— COLLECTED MATERIAL —
=== Section Start ===

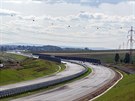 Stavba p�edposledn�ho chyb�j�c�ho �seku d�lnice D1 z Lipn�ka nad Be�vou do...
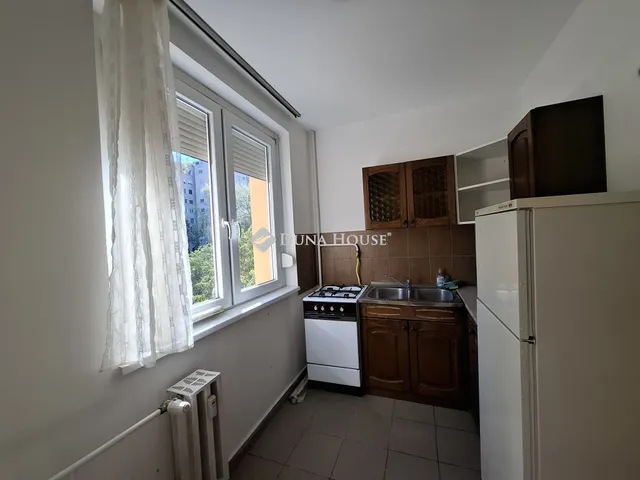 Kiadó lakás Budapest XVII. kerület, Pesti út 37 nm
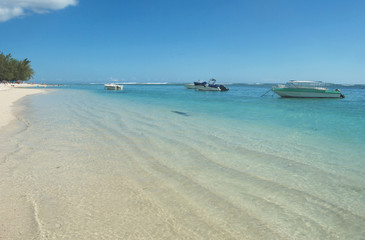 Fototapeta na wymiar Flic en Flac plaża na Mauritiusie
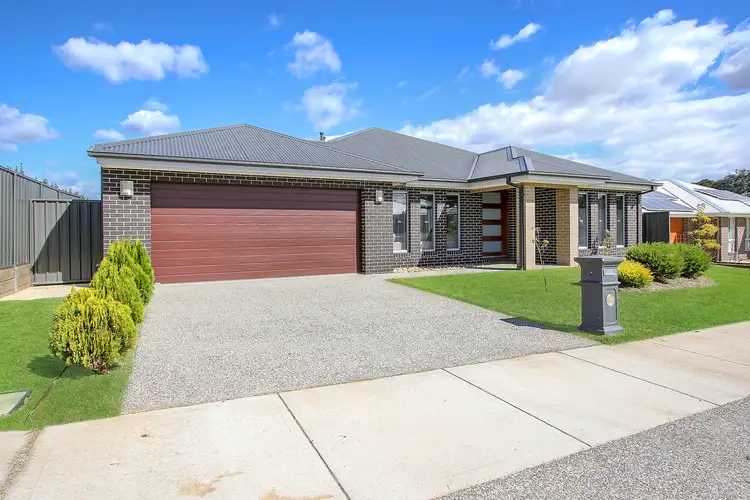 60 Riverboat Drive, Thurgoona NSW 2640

=== Section End ===

— THE PROBLEM —
Would you copy out every line of the data above exactly, minus the pictures?

— RESULT —
 Stavba p�edposledn�ho chyb�j�c�ho �seku d�lnice D1 z Lipn�ka nad Be�vou do...
 Kiadó lakás Budapest XVII. kerület, Pesti út 37 nm
 Fototapeta na wymiar Flic en Flac plaża na Mauritiusie
 60 Riverboat Drive, Thurgoona NSW 2640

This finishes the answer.